I can see that being an issue if the trackbar bracket is offset to the inside of the framerail like with the stock TB bracket, but is clearance still an issue when the TB bracket is moved towards the springbucket centered UNDER the framerail? Not in front of a Jeep which is why Im asking.
the clearance issues not only arise with the diff but the tie-rod. the stock single shear mounting face will actually pass between the diff housing and the tie-rod at full bump.
unless you're a wizard with fabrication, there isn't enough room to slide a bolt long enough to fit a 2.5" JJ in between the diff and tie-rod...so something either hits the diff or the tie-rod, unless you're running enough lift to need enough bumpstop to keep them far enough part.

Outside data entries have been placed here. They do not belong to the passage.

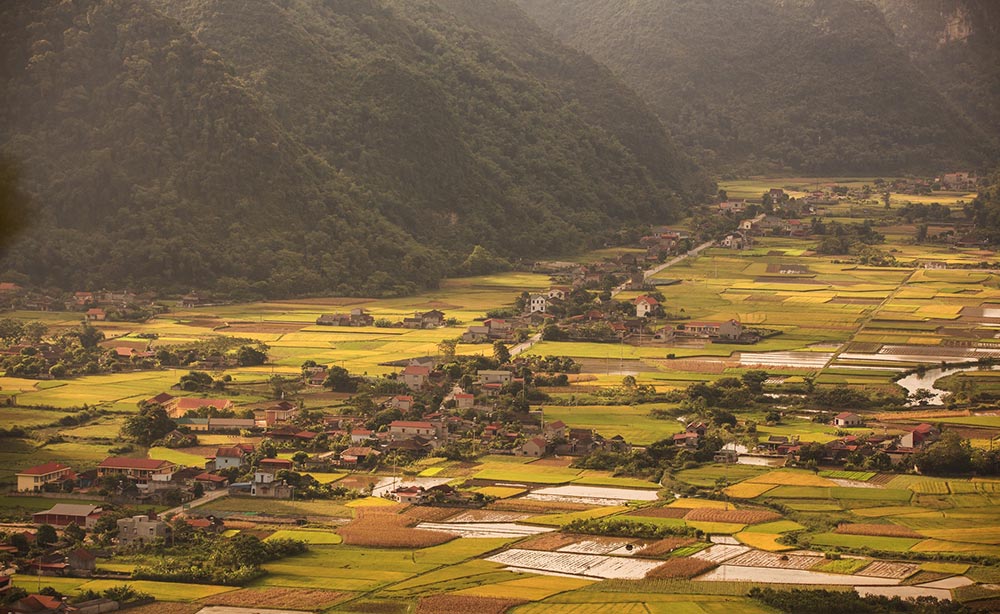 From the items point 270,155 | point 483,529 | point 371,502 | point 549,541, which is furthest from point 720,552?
point 270,155

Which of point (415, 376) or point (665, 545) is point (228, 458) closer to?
point (415, 376)

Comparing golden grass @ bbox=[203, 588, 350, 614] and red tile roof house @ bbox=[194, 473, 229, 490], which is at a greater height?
red tile roof house @ bbox=[194, 473, 229, 490]

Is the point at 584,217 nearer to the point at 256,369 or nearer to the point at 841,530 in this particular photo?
the point at 256,369

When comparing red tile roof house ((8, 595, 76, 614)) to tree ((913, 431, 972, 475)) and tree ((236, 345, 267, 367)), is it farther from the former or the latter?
tree ((236, 345, 267, 367))

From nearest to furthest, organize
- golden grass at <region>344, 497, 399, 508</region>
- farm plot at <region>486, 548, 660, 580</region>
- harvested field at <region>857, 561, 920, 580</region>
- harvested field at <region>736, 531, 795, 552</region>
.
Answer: harvested field at <region>857, 561, 920, 580</region>, farm plot at <region>486, 548, 660, 580</region>, harvested field at <region>736, 531, 795, 552</region>, golden grass at <region>344, 497, 399, 508</region>

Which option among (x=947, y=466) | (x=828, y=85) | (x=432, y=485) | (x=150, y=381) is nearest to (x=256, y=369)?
(x=150, y=381)

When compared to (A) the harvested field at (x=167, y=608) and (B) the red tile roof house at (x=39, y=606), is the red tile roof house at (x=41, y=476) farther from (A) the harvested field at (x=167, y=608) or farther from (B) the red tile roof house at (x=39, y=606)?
(A) the harvested field at (x=167, y=608)

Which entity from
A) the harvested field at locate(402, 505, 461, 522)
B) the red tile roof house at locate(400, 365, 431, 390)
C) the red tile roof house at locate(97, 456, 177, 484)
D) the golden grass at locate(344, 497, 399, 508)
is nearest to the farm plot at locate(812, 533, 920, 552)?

that's why you'll see fab guys using heims or a 2" JJ max on the frame end. Add up the clearances needed for double shear...you need ~2" for width of joint (or whatever), 2 x 1/4" for the mount and about 1/2-3/4" for bolt & nut head on each end. That means you'll need around a 4"-4.5" long bolt.

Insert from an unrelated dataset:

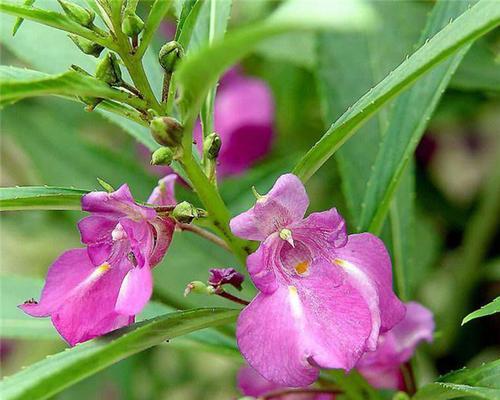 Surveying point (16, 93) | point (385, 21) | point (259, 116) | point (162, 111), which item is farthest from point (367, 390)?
point (259, 116)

Assuming you can thread a needle with the fabbed mount location, and you never have to adjust axle position, you end up needing a minimum of ~4" of clearance between the tie-rod and the diff housing below the frame. Call it 5" to be realistic. It's not impossible to make it work, plenty have done it, but you gotta be a wizard with fab...like the mrblaine & mudb8 guys.
Now, go measure the clearance between your tie-rod and the diff housing and you'll see why the factory and most manufacturers stick with the single shear setup. The factory position of the single shear mount can't really move too much unless you're changing something else...like tie-rod, knuckles, axle position or something....but hey, maybe a 1/2" or something changes things just enough. It's a tight freakin' squeeze in there at full bump. You'll see people also go the other direction...a flat pitman arm and a double shear mount that's really close to the frame. Either way, I say if you're hacking it off to move it...go double shear.